Wednesday, August 24, 2011

Is Oracle ACID compliant database?

I attended Jonathan Lewis's NOCOUG session on May 18th, 2011. Towards the end of his session, he demonstrated a test case suspending lgwr process using oradebug, issue commit for an open transaction in another session, and read the same data from third session successfully even though the second session's commit record is not yet preserved to disk.

You can read more about it at:
http://tonyhasler.wordpress.com/2011/08/22/why-is-acid-important/
http://jonathanlewis.wordpress.com/2011/08/19/redo-2/
http://www.freelists.org/post/oracle-l/ACID

This basically means Oracle is not fully ACID complaint.

Even though some people are categorizing it as an architectural limitation, it is a bug to the customer.

In reality it is very rare to run into this problem because:

1) Quite often we see that the session (or process) committing a transaction is the one moving on to finish other dependent transactions before returning acknowledgment back to the customer.
2) Session reading commit in flight data usually go on to initiate it's own transaction which will either get blocked by the same underlying redo problem or the whole transaction will fail if redo writes are still blocked.
3) Redo write times are typically under couple of milli seconds and hence the exposure window is very narrow.
4) Distributed databases are not that widely used
5) Event based scheduling with changes spanning more than 1 database is not very common, i.e. batch job waiting for an event to happen (can be simple change in status table) and then run the job.

Ironically, if an application is just reading data from one database and making decisions on transactions happening on other databases, then using active data guard standby (ADG) for the read part will solve the problem naturally, although the same problem can still happen in theory if both primary and ADG standby go down at the same time (It'd be very interesting to test this out).

Here is my take on solving this problem:

When a query is executed, Oracle computes current SCN and construct read consistent data as of that SCN. This is very fundamental to this problem, do they really have to run the query as of current SCN?

I think it won't add too much overhead, if lgwr can post the SCN, to SGA location, up to which it has written redo to the disk from log buffer. Every session executing sql statements can check this memory location for determining on disk SCN up to which redo was flushed and then execute the query as of that SCN. This will solve the problem.

It should not be done for DML's, including select for updates, all of which need to read the data as of current SCN.

By default Oracle should still maintain the current behavior but provide session/system/query level parameter to change the behavior of executing read only queries as of disk SCN.

Since Oracle can write redo out of scn order from log buffer to redo log files (recovery process does sort it by SCN before applying the redo), determining the correct on disk SCN may pose a challenge.

20 Comments:

At August 24, 2011 at 2:04:00 AM PDT, OpenID smanroy said...

Hi Sai,

Wouldn't this solution create problems... Say 1000 selects start at same time and each one waiting for its turn to read the address space in 'SGA' to get the 'SCN' value published by lgwr.
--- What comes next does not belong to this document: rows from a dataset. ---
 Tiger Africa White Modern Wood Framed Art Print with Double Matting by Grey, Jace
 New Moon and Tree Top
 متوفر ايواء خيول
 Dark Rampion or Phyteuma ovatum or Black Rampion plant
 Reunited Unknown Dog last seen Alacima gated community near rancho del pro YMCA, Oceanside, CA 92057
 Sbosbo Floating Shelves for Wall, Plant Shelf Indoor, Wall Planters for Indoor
In addition to that, the published SCN to SGA would change every 3 seconds.
Am I missing something here ?

 
At August 24, 2011 at 3:11:00 AM PDT, OpenID Jonathan Lewis said...

Sai,

Nice idea, but I think smanroy has picked up an important point. Every session starting a select would have to get a latch (shared read) to get the cached SCN, I think, competing with lgwr which would have to get the latch exclusive to update the cached SCN.
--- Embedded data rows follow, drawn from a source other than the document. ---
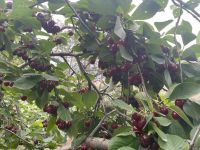 Cherries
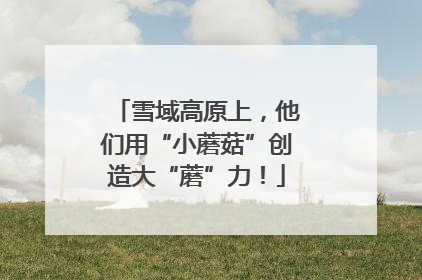 雪域高原上，他们用“小蘑菇”创造大“蘑”力！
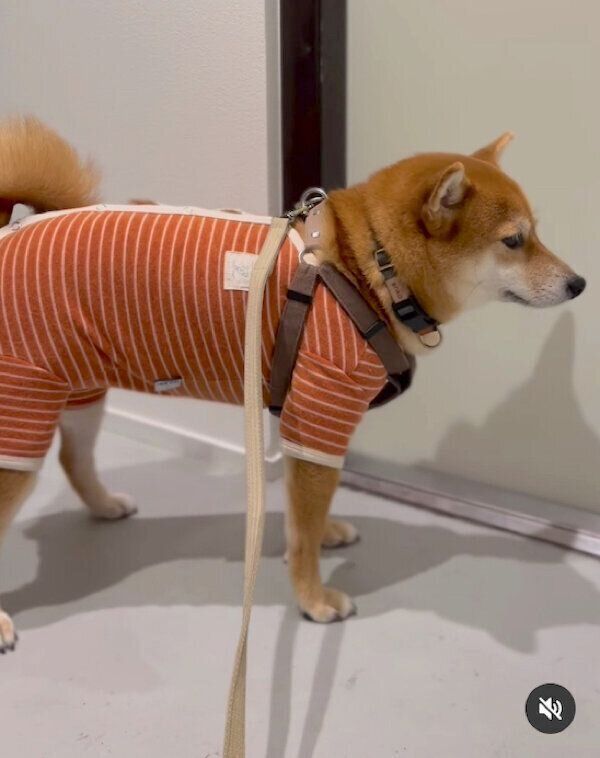 「早くお散歩に行きたい」と圧をかけるあんこちゃん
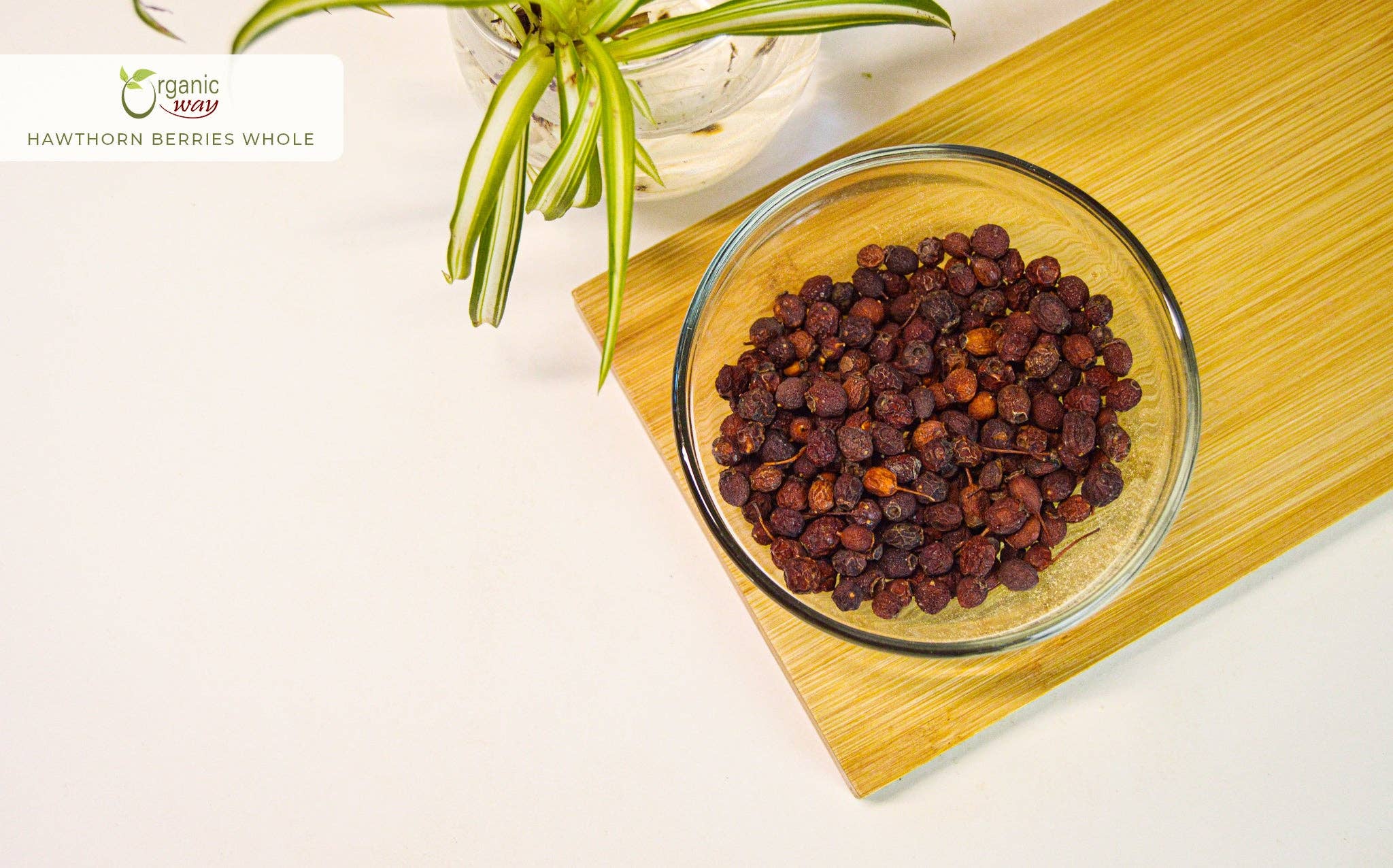 Hawthorn Berries Fruit Whole (Crataegus monogyna) - European Wild-Harvest | Kosher Certified | Vegan, Non GMO & Gluten Free | USDA Certified | Origin - Albania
Logically, though, it's a better solution than the one I had sketched out on my blog.

 
At August 24, 2011 at 8:48:00 AM PDT, Anonymous Tony hasler said...
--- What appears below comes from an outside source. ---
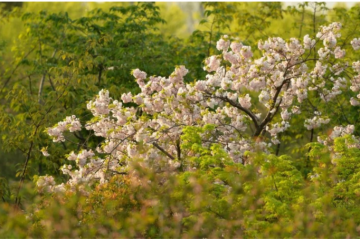 劈開(kāi)紅海：三元前驅(qū)體新秀IPO，利潤(rùn)3年翻四倍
Just a comment about select for update. You would still need to wait for the queried data to be on disk if you propagated it to another system. Also, DML can include a RETURNING clause and that information could be propagated. So your proposed solution is not quite complete but otherwise sound.

I don't follow the thing about latches. At the start of a query (or transaction depending on isolation mode) the current SCN needs to be determined. The current SCN is updated more frequently than than LGWR writes (usually) so your idea would seem to reduce contention not increase it.

 
At August 24, 2011 at 3:28:00 PM PDT, Blogger Saibabu Devabhaktuni said...

Hi smanroy,

Thanks for your comment. Yes that would be a problem if every session has to read one address space in SGA for every single execution.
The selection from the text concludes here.